### [Work order]
Pictures stay out of the copy. Retype exactly the lines below from the one with "Image of Glossy" through the one with "2024 Topps Series".
------ Exercise materials ------
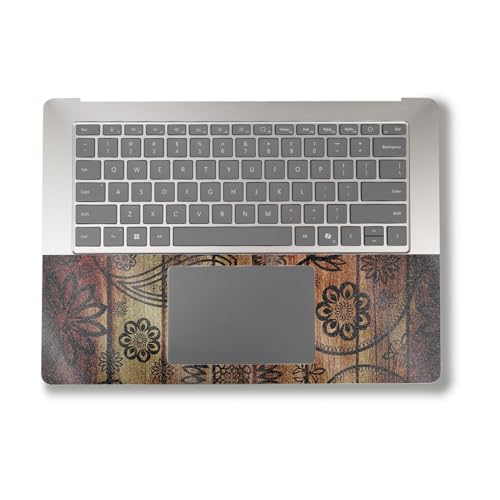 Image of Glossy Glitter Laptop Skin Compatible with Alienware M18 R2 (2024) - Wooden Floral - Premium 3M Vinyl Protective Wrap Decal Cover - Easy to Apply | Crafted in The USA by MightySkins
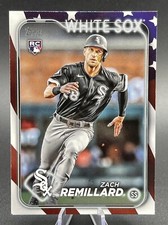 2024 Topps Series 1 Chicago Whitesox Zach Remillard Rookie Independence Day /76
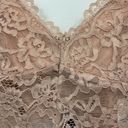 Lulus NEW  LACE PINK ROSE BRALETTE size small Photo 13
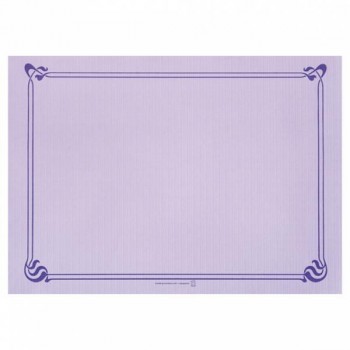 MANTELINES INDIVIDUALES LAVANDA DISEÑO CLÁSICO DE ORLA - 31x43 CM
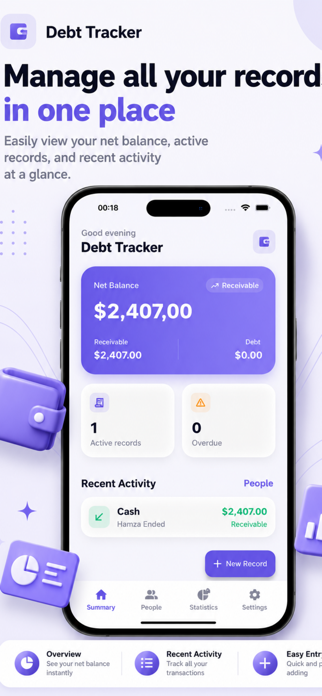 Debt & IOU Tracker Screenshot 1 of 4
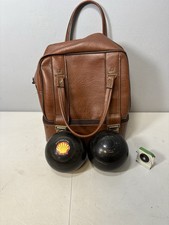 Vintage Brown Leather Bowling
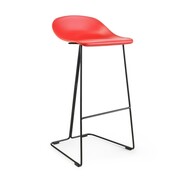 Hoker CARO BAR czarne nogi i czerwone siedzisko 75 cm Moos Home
------
------ Exercise materials ------
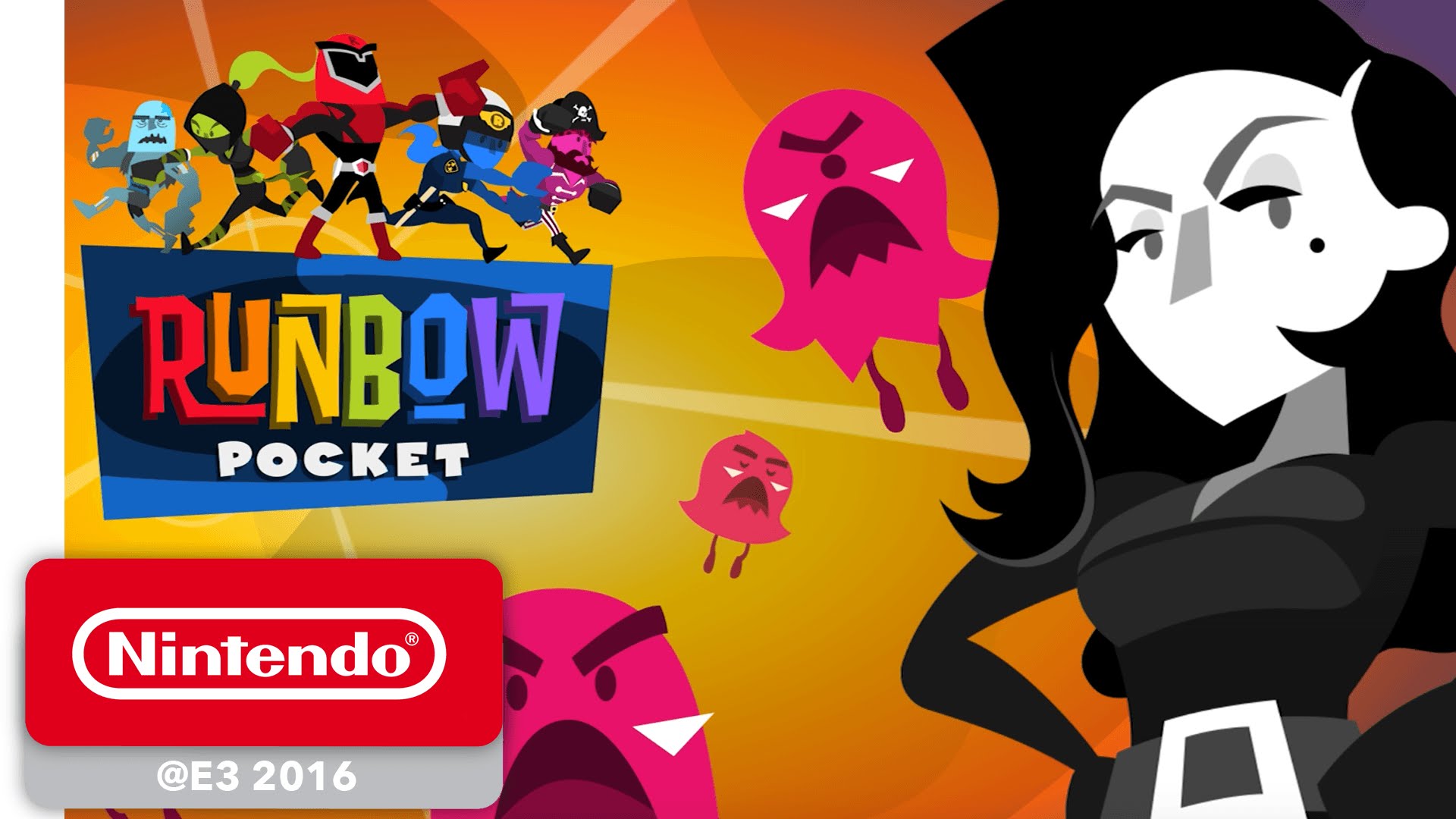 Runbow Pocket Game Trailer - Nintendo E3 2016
------
### [Solution for this problem]
 Image of Glossy Glitter Laptop Skin Compatible with Alienware M18 R2 (2024) - Wooden Floral - Premium 3M Vinyl Protective Wrap Decal Cover - Easy to Apply | Crafted in The USA by MightySkins
 2024 Topps Series 1 Chicago Whitesox Zach Remillard Rookie Independence Day /76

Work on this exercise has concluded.